I can imagine optimizations specific to the crystalline access patterns,
that do not help true random access. But I'd like to kill two birds
with one stone.
So, how can we make these access patterns more effective?
Perhaps we should lose the cache line orientation - transferring data
bytes that aren't needed.
I envision an interconnect fabric that is completely scatter/gather
oriented. We don't do away with burst or block operations: we always
transfer, say, 64 bytes at a time. But into that 64 bytes we might
pack, say, 4 pairs of 64 bit address and 64 bit data, for stores. Or
perhaps bursts of 128 bytes, mixing tuples of 64 bit address and 128 bit
data. Or maybe... compression, whatever. Stores are the complicated
one; reads are relatively simple, vectors of, say, 8 64 bit addresses.
By the way, this is where strided or crystalline access patterns might
have some advantages: they may compress better.
Your basic processing element produces such scatter gather load or store
requests. Particularly if it has scatter/gather vector instructions
like Larrabee (per wikipedia), or if it is a CIMT coherent threaded
architecture like the GPUs. The scatter/gather operations emitted by a
processor need not be directed at a single target - they may be split
and merged as they flow through the fabric.
In order to eliminate unnecessary full-cache line flow, we do not
require read-for-ownership. But we don't go the stupid way of
write-through. I lean towards having a valid bit per byte, in these
scatter-gather requests, and possibly in the caches.
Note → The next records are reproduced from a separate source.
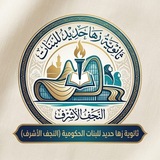 Telegram profile photo for ثانوية زها حديد(النجف الاشرف) / الثالث المتوسط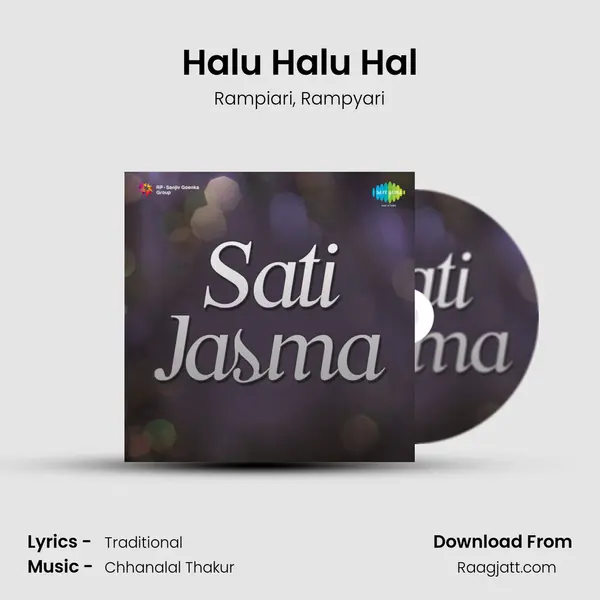 Halu Halu Hal - Rampiari album cover 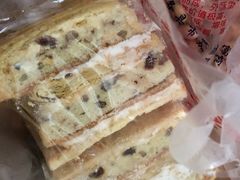 拿破仑-大顺斋(牛街店)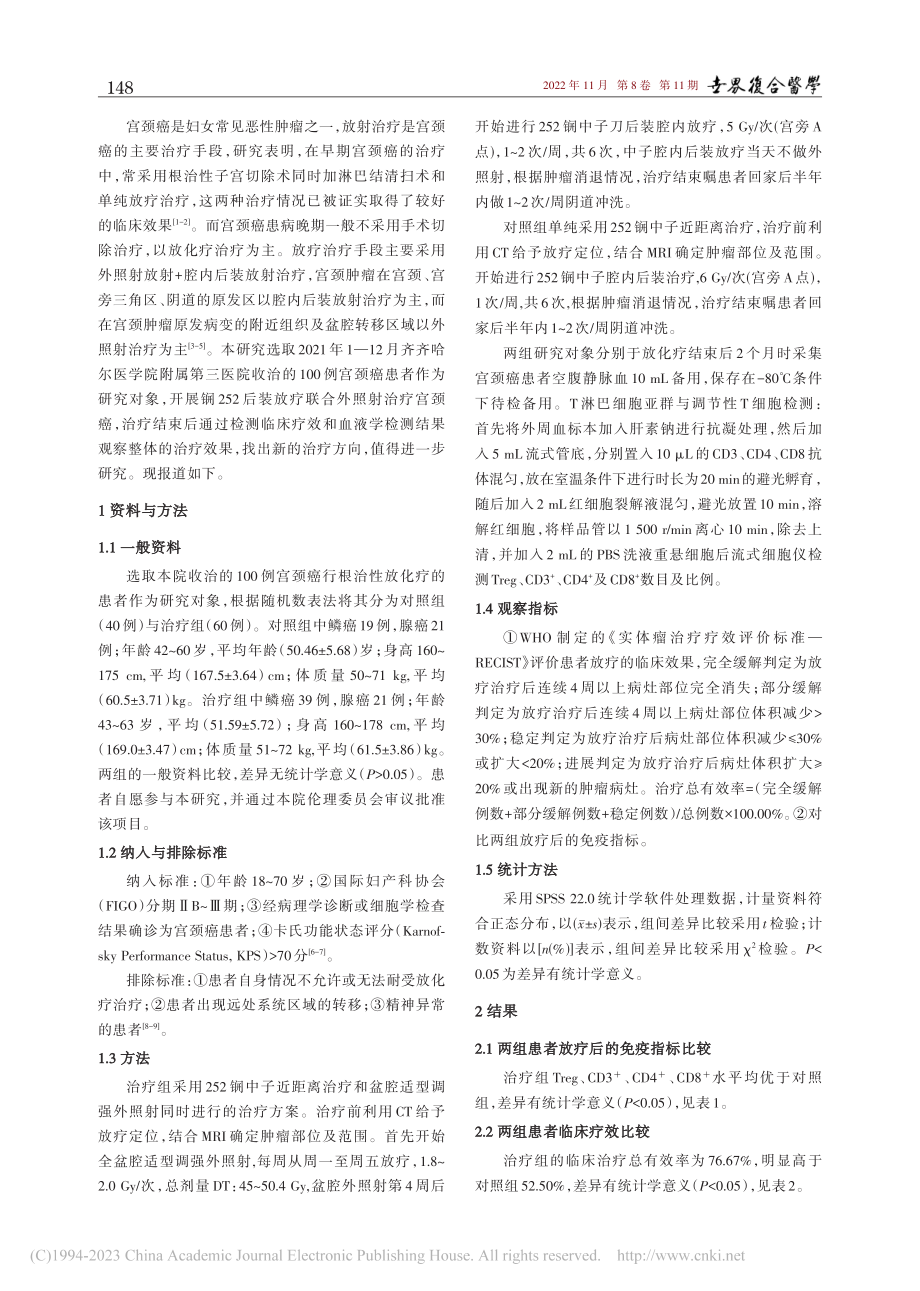 锎-252后装放疗联合外照射治疗宫颈癌的研究_宋雪.pdf_第2页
As I have
discussed in this newsgroup before, this allows us to have writeback
caches where multiple processors can write to the same memory location
simultaneously. The byte valids allows us to live with weak memory
ordering, but do away with the bad problem of losing data when people
write to different bytes of the same line simultaneously. In fact,
depending on the interconnection fabric topology, you might even have
processor ordering. But basically it eliminates the biggest source of
overhead in cache coherency.
Of course, you want to handle non-cache friendly memory access patterns.
I don't think you can safely get rid of caches; but I think that there
should be a full suite of cache control operations, such as is partially
Such a scatter/gather memory subsystem might exist in the fabric. It
works best with processor support to generate and handle the
scatter/gather requests ad replies. (Yes, the main thing is in the
interconnect; but some processor support is needed, to get crap out of
the way of the fabric).
The scatter/gather interconnect fabric might be interfaced to
conventional DRAMs, with their block transfers of 64 or 128 bytes. If
so, I would be tempted to create a memory side cache - a cache that is
in the memory controller, not the processor - seeking to leverage some
of the wasted parts of cache lines. With cache control, of course.
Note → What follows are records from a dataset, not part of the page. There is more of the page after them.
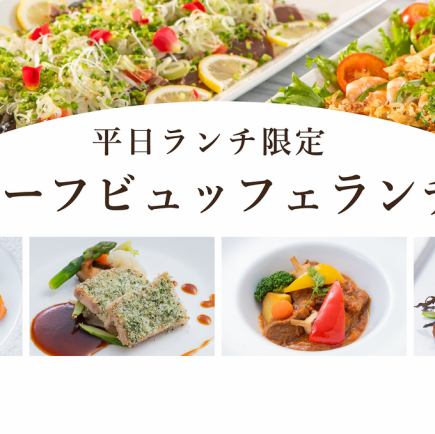 【3/2～5/1】　お魚料理・お肉料理などお好きなものをチョイス平日ハーフビュッフェ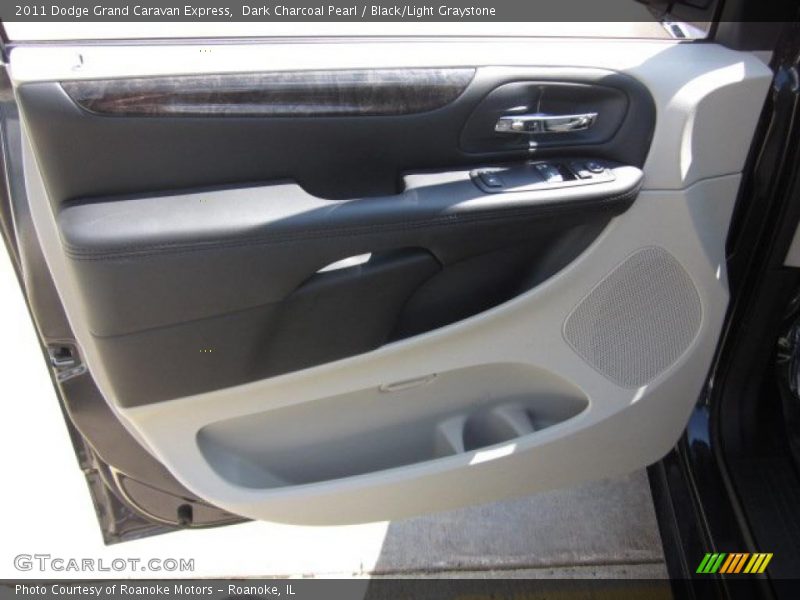 Dark Charcoal Pearl / Black/Light Graystone 2011 Dodge Grand Caravan Express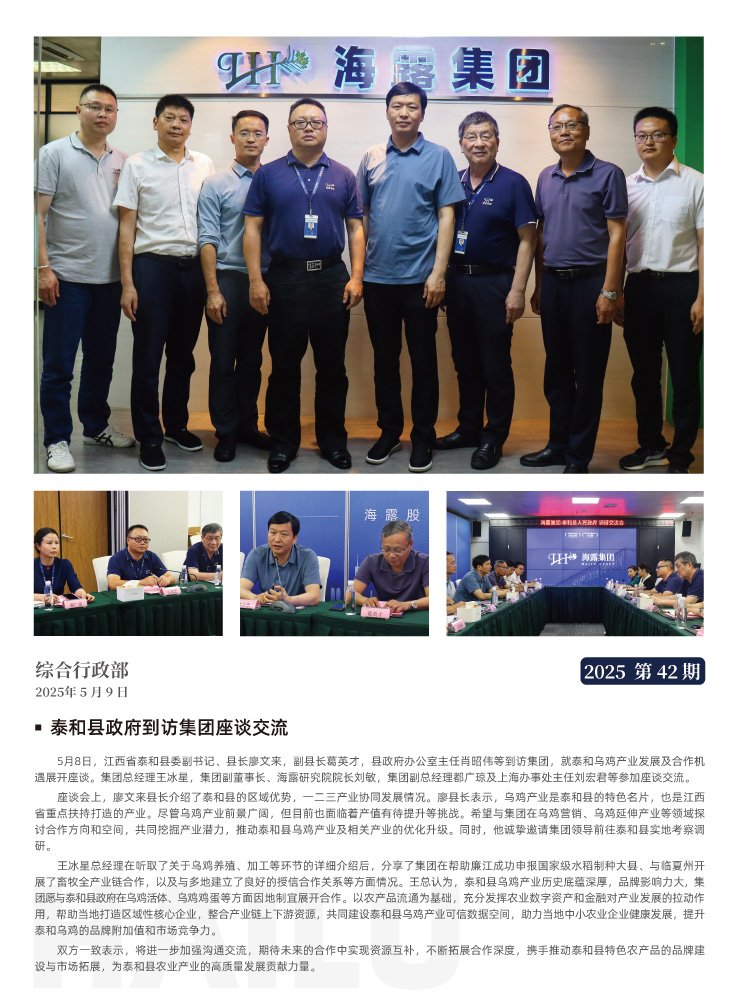 赏金船主·PG(中国游)官方网站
However, if there is any chance of getting DRAM architectures to be more
scatter/gather friendly, great. But the people who can really talk
about that are Tom Pawlowski at Micron, and his counterpart at Samsung.
I've not been at a company that could influence DRAM much, since
Motorola in the late 1980s. And I dare say that Mitch didn't make much
headway there. I've mentioned Tom Pawlowski's vision, as presented at
SC09 and elsewhere, of an abstract DRAM interface for stacked DRAM+logic
units. I think the scattter/gather approach I describe above should be
a candidate for such an abstract interface.
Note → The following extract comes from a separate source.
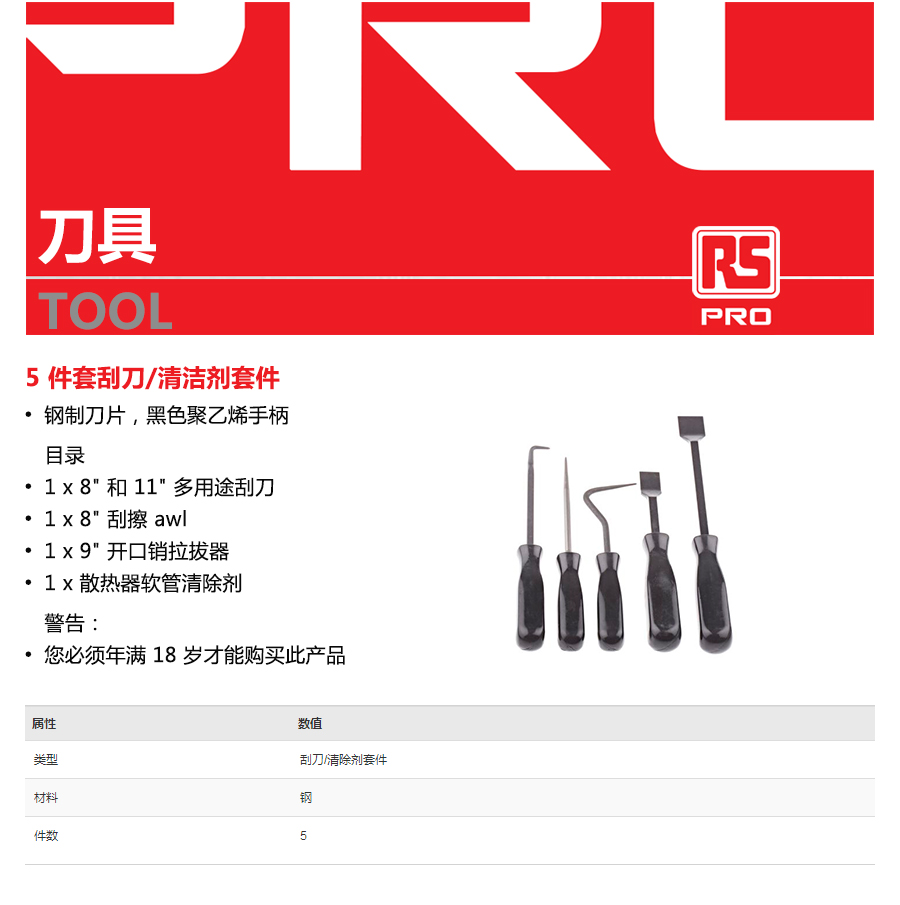 产品详情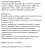 Электрическая варочная панель MAUNFELD (Маунфилд) MVSE59.4HL-BK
If there is anyone that thinks that there is a great new memory
technology coming down the pike that will make the bandwidth wars
easier, I'd love to hear about it. For that matter, the impending
integration of non-volatile memory is great - but as I understand
things, it will probably make the memory hierarchy even more sequential
bandwidth oriented, unfriendly to other access patterns.
On this fabric, also pass messages - probably with instruction set
support to directly produce messages, and mechanisms such as TLBs to
route them without OS intervention.
I.e. my overall approach is - eliminate unnecessary ful cache line
transfers, emphasize scatter gather. Make the most efficient use of
what we have.
Now, I remain an unrepentant mass market computer architect. Some
people want to design the fastest supercomputer in the world; I want to
design the computer my mother uses. But, I'm not so far removed fromn
the buildings full of stuff supercomputers that Robert Myers describes.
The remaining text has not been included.